For security, distributed systems (e.g., blockchains) typically need the topology to be robust. Being robust means that nodes can successfully propagate messages to others (directly or indirectly), even if malicious nodes refuse to help relay messages. In other words, we want the subgraph corresponding to the part of the topology that contains all the honest nodes to be a connected component.
This basic problem, interestingly, becomes rather tricky in certain contexts. For example, in Proof-of-Stake (PoS) blockchain, different nodes have different amounts of stake (i.e., the cryptocurrencies a node has). The attacker can easily create a huge number of nodes, each with a rather small amount of stake, at low cost. Consequently, most of the nodes in the topology can be malicious, and the fraction of malicious nodes in the topology may even approach 1.0. (Note that one cannot simply treat nodes whose stake is below a certain threshold t as malicious. The reason is that the adversary is adaptive, and can then create malicious nodes with 1.1t stake.) This makes it rather challenging to design a robust topology, and there have been no practical solutions for the problem.
Our work uses a simple yet elegant idea to overcome this key challenge, by using bounded-disparity group. The basic intuition is that the above challenge is caused by nodes having different amount of stake, or conceptually, by the disparity among the nodes. If nodes all have similar amount of stake, then the problem is much easier to solve. Hence we first partition the nodes into groups, so that nodes in the same group all have similar stake (e.g., within a factor of 2 of each other). We can such a group as bounded-disparity group, in the sense that the disparity among the nodes in the group is properly bounded.
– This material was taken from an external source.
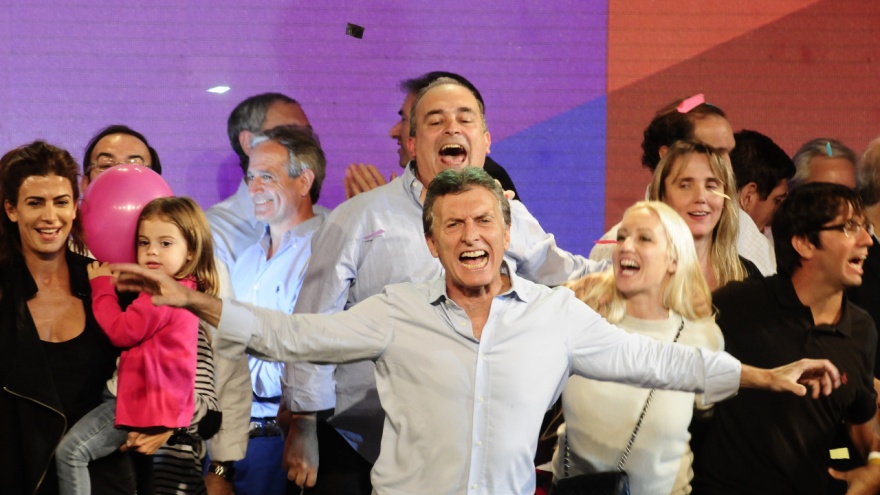 Hoy, Macri perdería en primera vuelta pero los indecisos le darían la victoria en un ballotage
Next we design proper intra-group topology to make the nodes within a group connected, and proper inter-group topology to connect all the groups. The intra-group topology design is made possible by the bounded-disparity of the group. Specifically, a key technical challenge we need to overcome is that the attacker may focus on a given group, and can corrupt most of the nodes in that group. This will cause the topology (among the honest nodes) in that group to become disconnected. The bounded-disparity nature of the group addresses this challenge: Since the disparity is bounded, if the attacker indeed corrupts most of the nodes in that group, then it necessarily corrupts most of the stake in that group. This means that the remaining honest stake in the group is rather small. One can then use other techniques to deal with that small amount of honest stake.
Our results show that our design gives practical and robust topologies under real-world stake distributions of various popular cryptocurrencies such as Ethereum, Solana, Cardano, Dogecoin, Bitcoin, and Bitcoin-Cash.